===== Data shown

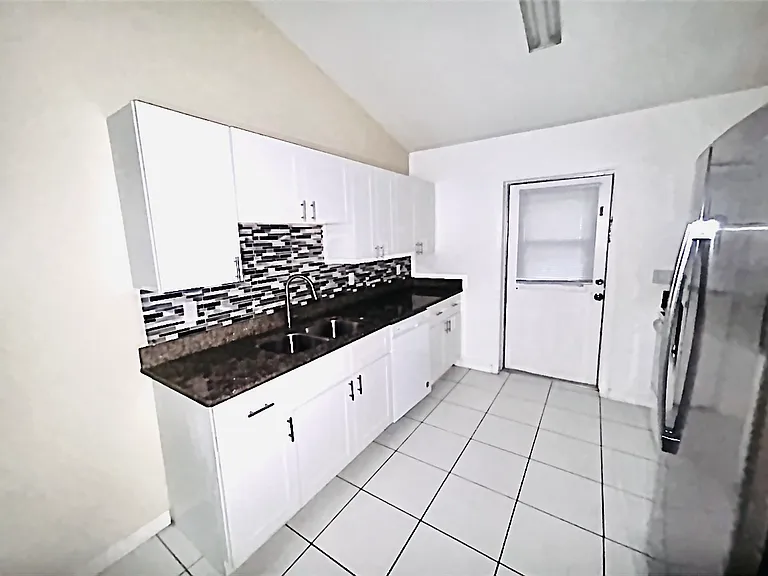 Picture of kitchen sink with granite countertops, new cabinets, and nice glass mosaic backsplash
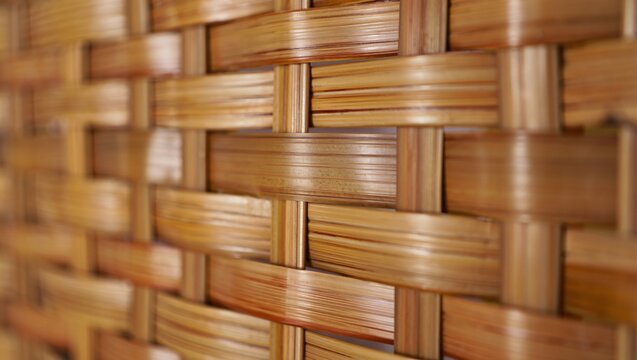 Closeup of a woven bamboo texture background, featuring an intricate pattern of interlaced natural wooden strips with warm brown tones and visible grain details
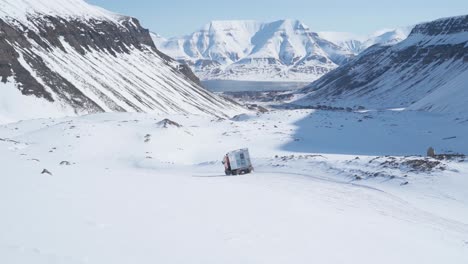 passenger winter mountain tracked vehicle leaving after transporting hikers, handheld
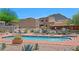 Community pool with desert landscaping, lounge chairs, and mountain views at 38065 N Cave Creek Rd # 2, Cave Creek, AZ 85331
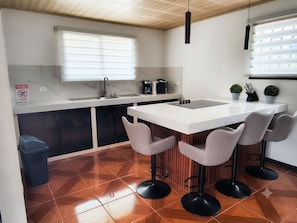 Una cocina moderna con encimera blanca, taburetes negros y una ventana con persianas.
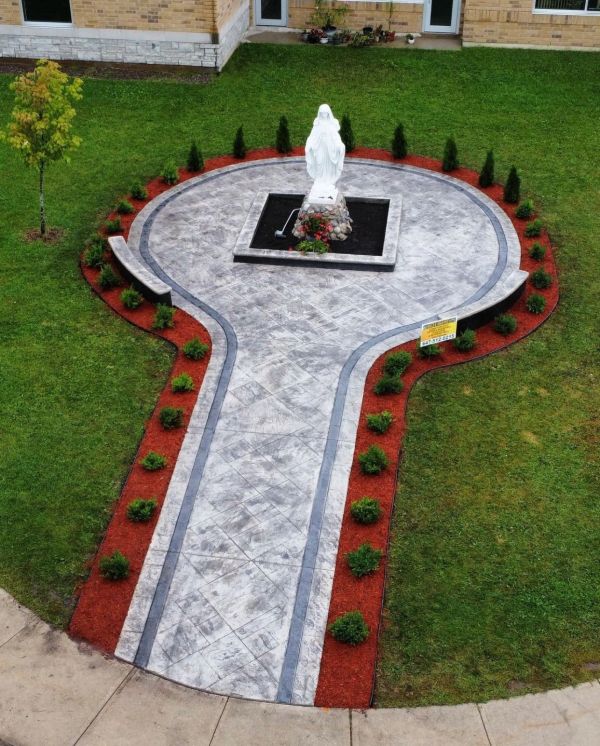 Pathway shaped like a key leading to a white statue in a garden.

==========

_Exercise instructions_
Leave out every picture, and write out exactly the lines from the one with "Community pool with" through the end of the records above, both ends included.

_Final answer_
 Community pool with desert landscaping, lounge chairs, and mountain views at 38065 N Cave Creek Rd # 2, Cave Creek, AZ 85331
 Una cocina moderna con encimera blanca, taburetes negros y una ventana con persianas.
 Pathway shaped like a key leading to a white statue in a garden.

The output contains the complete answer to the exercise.